Bill Nuttall

Personal information
- Full name: William Nuttall
- Date of birth: March 10, 1948 (age 78)
- Place of birth: Norristown, Pennsylvania, United States
- Height: 6 ft 3 in (1.91 m)
- Position: Goalkeeper

Youth career
- 1967–1970: Davis & Elkins College

Senior career*
- Years: Team / Apps / (Gls)
- 1971–1973: Delaware Wings
- 1974–1975: Miami Toros / 19 / (0)
- 1976: Fort Lauderdale Strikers / 0 / (0)

Managerial career
- 1975–1979: Florida International University
- 1980–1984: Fort Lauderdale Strikers (assistant)

= Bill Nuttall =

American soccer player and manager

Bill Nuttall (born March 10, 1948, in Norristown, Pennsylvania) is an American soccer figure renowned for his multifaceted career as a player, coach, broadcaster, and executive, spanning over five decades and contributing significantly to the sport's growth in the United States.

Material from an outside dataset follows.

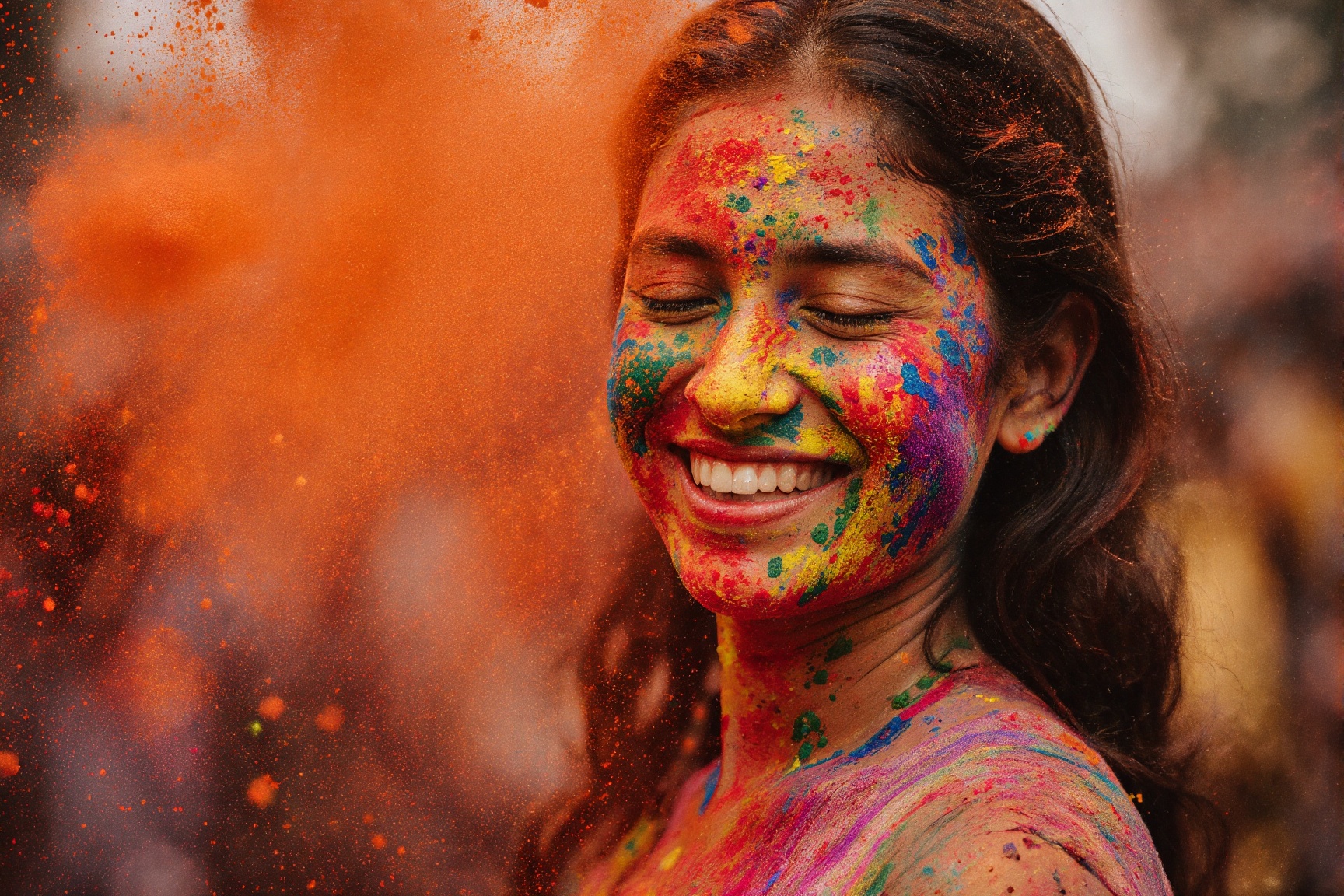 A joyful woman celebrating Holi,  her face covered in vibrant splashes of red,  yellow on Tensor.Art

He was a first team Junior College and first team NSCAA All-American soccer goalkeeper who spent at least three seasons in the American Soccer League and three seasons in the North American Soccer League. He was the 1970 first team All American goalkeeper, coached at both the collegiate and professional levels and was the General Manager of the United States Soccer Federation teams from 1991 to 1994.

==Club career==
Nuttall grew up in King of Prussia, Pennsylvania. He attended Davis & Elkins College, playing on the men's soccer team from 1967 to 1970. The team won the 1968 and 1970 NAIA national men's soccer championship and finished runner up in 1969. One of his teammates was Hank Steinbrecher. Nuttall was the 1969 NAIA Tournament MVP and the 1970 first team All American goalkeeper. Nuttall was inducted into the Davis & Elkins Hall of Fame in 1991. In 1971, Nuttall signed with the Delaware Wings in the American Soccer League. In 1974, he moved to the Miami Toros of the North American Soccer League when his old coach from Davis & Elkins became the Toros' head coach. Following the 1976 team, the Toros moved to Fort Lauderdale, Florida and became the Fort Lauderdale Strikers. Nuttall made the move, but never played for the Strikers. He was replaced on the roster by former England international Gordon Banks.

==Coach==
Florida International University hired Nuttall in 1975 to coach the men's soccer team. He held that position for five seasons, compiling a 56-18-1 record. In 1979, he was the play by play commentator for ESPN's first soccer broadcast, a college game between Indiana University and the University of Minnesota. Nuttall then worked as an assistant coach with the Fort Lauderdale Strikers from 1979 to 1984.

==Executive==
Nuttall served as the Director of Player Personnel for the Dallas Sidekicks from 1984 to 1985. In 1985, he became a Vice President of Marketing and Promotion with Mitre Sports International. In July 1991, the United States Soccer Federation hired Nuttall as General Manager for the U.S. national teams. In September 1998, he became President of Diadora America. He was the owner of Golden Viking Sports before retiring around 2015.